Stored records:
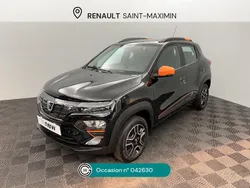 Noir Utilisé 2022 Dacia Spring Comfort Plus Citadine | 11 990 € (Prix assez cher)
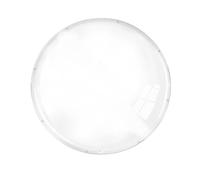 Copertura protettiva for proiettore olografico 3D, custodia for display pubblicitario luminoso for, in acrilico for ventilatore LED Per Halloween, Natale(For 50cm)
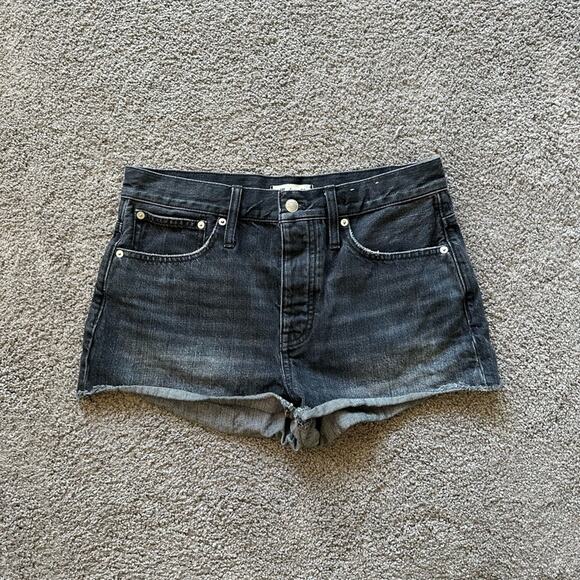 Madewell Relaxed Denim Shorts - Picture 1 of 6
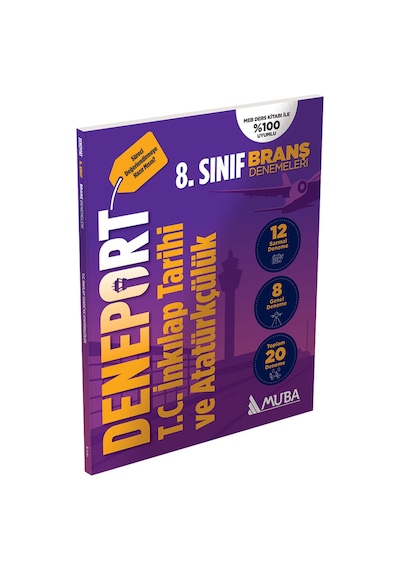 8. Sınıf Deneport İnkılap Tarihi Branş Denemesi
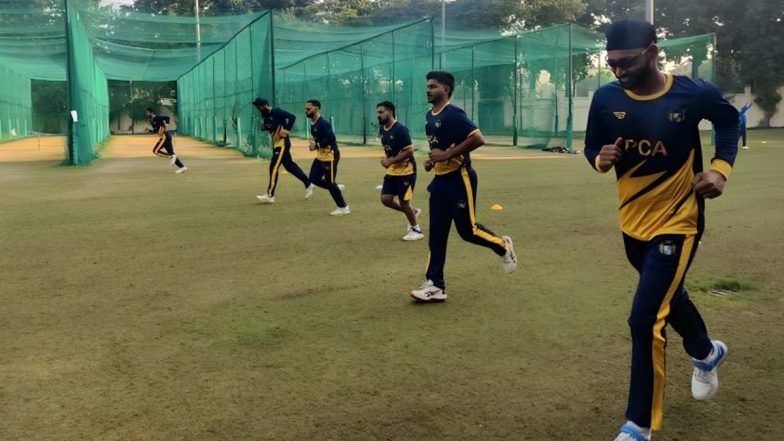 How to Watch PUN vs BAR Syed Mushtaq Ali Trophy 2023-24 Final Free Live Streaming Online? Get Live Telecast Details of Punjab vs Baroda SMAT T20 Match With Time in IST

**What you should do**
Once you find the line containing "Copertura protettiva for", transcribe it and each line after it to the end of the records exactly, and leave out the pictures.

**Response below**
 Copertura protettiva for proiettore olografico 3D, custodia for display pubblicitario luminoso for, in acrilico for ventilatore LED Per Halloween, Natale(For 50cm)
 Madewell Relaxed Denim Shorts - Picture 1 of 6
 8. Sınıf Deneport İnkılap Tarihi Branş Denemesi
 How to Watch PUN vs BAR Syed Mushtaq Ali Trophy 2023-24 Final Free Live Streaming Online? Get Live Telecast Details of Punjab vs Baroda SMAT T20 Match With Time in IST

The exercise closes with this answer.